The euro continued its downward slide today, falling below $1.06, its lowest level since April 2003.
That means the currency is now within a whisker of parity with the dollar. Indeed, over at Deutsche Bank, economists believe the euro will break parity, hitting $0.85 by 2017.
In his first public speech since Frankfurt started its €1.1 trillion bond buying programme earlier this week, European Central Bank governor Mario Draghi said the bank's policies were already starting to have an effect.
We can deploy and will deploy monetary policy in a way that can and will stabilise inflation in line with our objective. Our monetary policy is certainty supporting the recovery.
The pound was up against the euro, swinging to a seven-and-half-year high of 1.4149 – a rise of 0.65 euro cents.

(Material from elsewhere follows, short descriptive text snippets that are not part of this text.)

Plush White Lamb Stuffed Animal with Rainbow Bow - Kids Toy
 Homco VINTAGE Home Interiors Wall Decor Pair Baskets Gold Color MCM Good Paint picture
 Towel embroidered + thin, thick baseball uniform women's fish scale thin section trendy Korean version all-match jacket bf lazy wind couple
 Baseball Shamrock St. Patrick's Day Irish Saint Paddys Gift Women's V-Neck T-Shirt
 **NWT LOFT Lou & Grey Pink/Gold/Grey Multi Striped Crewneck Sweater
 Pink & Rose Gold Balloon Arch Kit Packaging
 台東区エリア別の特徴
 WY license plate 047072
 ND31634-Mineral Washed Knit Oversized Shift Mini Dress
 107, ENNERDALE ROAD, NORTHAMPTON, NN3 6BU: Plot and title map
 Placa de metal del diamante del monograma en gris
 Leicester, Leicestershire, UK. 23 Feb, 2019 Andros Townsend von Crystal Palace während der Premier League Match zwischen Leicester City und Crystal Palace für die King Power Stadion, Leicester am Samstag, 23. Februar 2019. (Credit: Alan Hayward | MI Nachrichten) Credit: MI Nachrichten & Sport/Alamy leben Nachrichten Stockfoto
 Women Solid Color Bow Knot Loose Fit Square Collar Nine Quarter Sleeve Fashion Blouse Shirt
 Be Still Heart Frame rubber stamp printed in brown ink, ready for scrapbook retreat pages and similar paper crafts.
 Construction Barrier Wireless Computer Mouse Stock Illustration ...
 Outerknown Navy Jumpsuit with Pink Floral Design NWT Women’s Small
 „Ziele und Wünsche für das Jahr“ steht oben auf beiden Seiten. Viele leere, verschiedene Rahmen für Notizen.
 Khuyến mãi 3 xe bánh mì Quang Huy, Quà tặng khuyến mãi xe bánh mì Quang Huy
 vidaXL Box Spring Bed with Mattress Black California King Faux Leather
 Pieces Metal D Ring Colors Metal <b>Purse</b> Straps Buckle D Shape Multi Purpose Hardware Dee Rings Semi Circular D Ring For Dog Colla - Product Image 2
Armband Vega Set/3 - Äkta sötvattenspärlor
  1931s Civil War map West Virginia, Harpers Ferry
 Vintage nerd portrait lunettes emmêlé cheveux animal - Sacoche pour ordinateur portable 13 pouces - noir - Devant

But the strong dollar depressed the price of Brent crude. Oil is priced in dollars, so when the greenback fluctuates it affects oil prices for buyers using a different currency, prompting traders to adjust their prices accordingly.
Beyond this, oil prices are still facing a rout, due to a glut in the global supply, as well as waning appetites from once-ravenous emerging economies such as China and India.
Brent crude, the global benchmark, had skidded to a one-month low of $55.92 per barrel earlier this morning. However, it later pared losses, and was last trading around $56.5 per barrel.
The price of oil was about $115 per barrel back in June, but crashed to just $45 per barrel at the start of this year. It has since hovered at around $60 per barrel, with some saying it was bottoming out, but recent losses stalled this.